I saved myself $2200AUD and got a 2021 Norco Sight A2
I was thinking something similar, but my S4 Evo is still in order, still kicking it around. The 5-9 months before it would arrive has me seriously considering other options. The shop I’m ordering from has a large Bronson in stock that’s really tempting...
Great video. I’ll have to experiment with mine. What front fender are you using? Looks good on your bike.
That's an RPR, from the UK. I got it from their distributor in Canada. Weird UK company, but the fenders are pretty good. It does flap around quite a bit, and make plenty of noise, but somehow that doesn't come through when we film!
I have a Knolly Warden which has two geo settings, neutral or slack. It came in the neutral setting and I left it there to start. I’d been having a hard time getting my suspension set up right so I decided to change to the slack position to see if it made any difference with my suspension feel. To be honest I didn’t notice a change. I’m not much of a fiddler so I’ll probably leave in the slack position now and just forget about it.
Great video by the way!
How does this bike climb in your opinion? Also, what size Ru on?
Freaking awesome Jeff!
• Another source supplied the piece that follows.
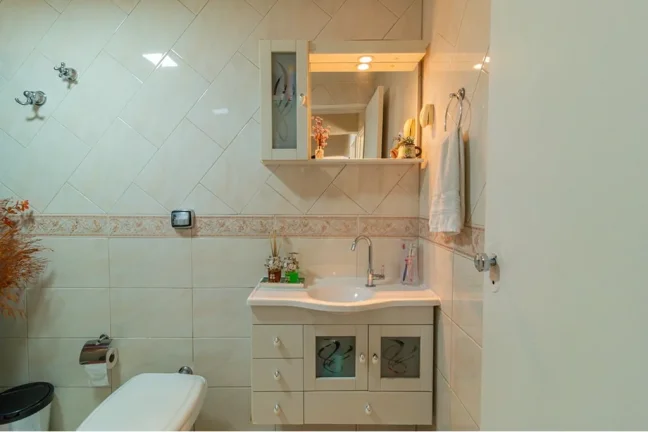 Imagem APARTAMENTO RESIDENCIAL em São Paulo - SP, Água Branca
Got two buddies who ordered the new Altitude. It looks so good, can't wait to try it next year!
Nice Jorden, the Altitude is RAD- I'm really enjoying it!
Would have been handy for you to have shown the chip positions
YES!
most people want a do all bike, so it makes a lot sense.
I agree Fresh! I'm a fan!
Love the adjustable travel/geometry of my guerrilla gravity, very noticeable. Would love to see your opinions any of their bikes,
I ride a commencal clash and don't have a flip chip. But i did put a rockshox boxxer on the front and it felt sick
I have trance x with 2 positions low and slack, or more upright position. I find this is great - I use in more upright position most of the time for my local flatter trails. If I go somewhere that is a little steeper the slacker position is better. I do think if thee is too much adjustability it would take the fun out of riding. Stop fiddling with your rig and just ride it I say!
As with most things on the bike, I would rather "Set it and forget it". I had adjustable geo and never once felt the need to change it. On a side note, why do you even have a front wheel? :-)
Fair enough, I'd rather not monkey with set up on a daily basis, but I love that this bike can be tweaked if we decide to shuttle Darrington or ride Whistler. And if we are heading to Sedona, for instance, I could make it a little steeper for the flatter trails.
My Canyon has high/low rear setting, I use the high one because I found that I get less pedal strikes. The low one feels a bit faster going downhill though.
Great point Timo! I'm a big fan of BB height adjustments, thats the most common theme mentioned in these comments here.
2018 RM altitude. tried like 5 of the 9 settings over the years. I always come back to slack-progressive (position 9). ends up with the same approximate geometry as the 2021 medium with the 27.5 wheels in neutral-progressive.
Boom!!! Yeah mine feels so good now I don't really want to mess with it any more. In fact, I rode for 2 hrs this morning and didn't even think about the bike once- it was nice! Glad you've got your Altitude dialed in now too!!!
@@JeffKendallWeed 2016 RM altitude I have it in the steeper-progressive setting, trails here are a bit different then out west, but when I go out west I adjust to slacker, so yes its nice to have adjustable geo (really beneficial if you travel with your bike all over)
Did you mean position 1 because that should be slack. Btw I have same bike and I still playing with it.
@@postro11111 I think you're right. From the drive side, bottom left is slackest, and that's numbered as 1.
a Good video but really lacked images of where you were actually running the ride9 link, would help understand this video 1000% time better
I've got a '19 Guerilla Gravity Shred Dogg / Megatrail (the difference is 2 different shocks with the longer shock == MT) and each has 2 positions. I like the long shock/longer travel and shorter shock/shorter travel modes best. That works out to 135mm and poppy vs 165mm and plush. The in betweens didn't really do it for me.